SA’s Godongwana to UK’s Kwarteng: Welcome to the emerging market club
UK and US currencies displayed in London, Britain, 26 September 2022. (Photo: EPA-EFE / Tolga Akmen)

In many ways, the UK is starting to develop the characteristics of emerging market economies, the features of which will be all too familiar to South Africans.

The state of sterling has been the talk of the markets over the past few days as the UK’s currency approached parity with the dollar. The trigger event over the past week was the new UK administration’s decision to go full-on Reaganomics by cutting taxes and relying on a grand, supply-side push to propel the stuttering UK economy forward, as opposed to boosting demand, which is the Keynesian solution to dire economic situations.

The financial markets, in their inimitable way, responded brutally to the mini-budget proposals of Kwasi Kwarteng, the new UK finance minister, to decrease taxes and hike borrowing. Nothing in gilt markets in the past 35 years — not the UK’s ejection from the Exchange Rate Mechanism, 9/11, the financial crisis, Brexit, Covid or any Bank of England move — compares with the price movements in reaction to the chancellor’s mini-Budget, writes economics commentator Toby Nangle in the Financial Times.

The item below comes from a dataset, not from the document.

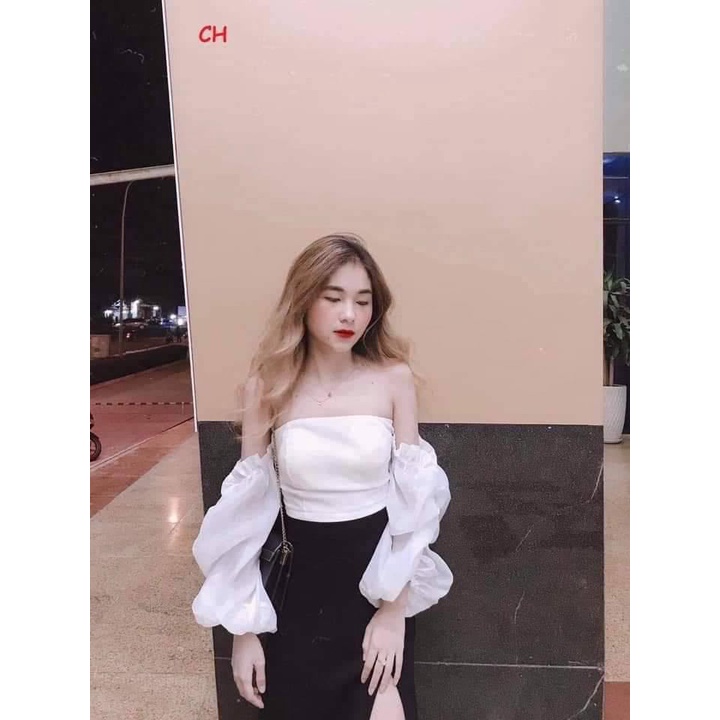 [ HÓT] Set Váy trễ vai chân váy xẻ điệu đà Zadola fashion Áo voan mịn chân váy da cá lạnh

The commentariat has now gone completely bonkers. Former US Treasury Secretary Larry Summers’ verdict was that “the UK is behaving a bit like an emerging market turning itself into a submerging market”.

And you can see his point. In many ways, the UK is starting to develop the characteristics of emerging market economies, the features of which will be all too familiar to South Africans. One of the characteristics of emerging market economies, writes John Cassidy in The New Yorker, is that investors tend to be more sceptical about public finances and demand additional compensation for holding their government’s debt.

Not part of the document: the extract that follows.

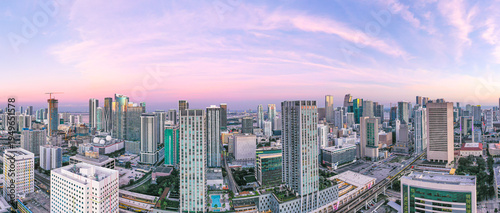 Panoramic Sunset View of Downtown Miami Skyline with Pink Twilight Sky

The UK’s bond market responded in a characteristically emerging market way to Kwarteng’s announcement. The yield on 10-year British bonds jumped from 3.46% to 4.28%. The usual variation is two- or three-hundredths of a percentage point. That is equivalent to the entire global market saying, we just don’t think your trickle-down economics idea is going to work.

Another characteristic feature of emerging markets economics is that currencies fall even when interest rates are increased. Technically, an increase in interest rates ought to be supportive of the currency, because it makes a country’s debt more attractive, which tempts investors. Last week, the Bank of England raised interest rates for the seventh time in a year. But the pound continued to slide.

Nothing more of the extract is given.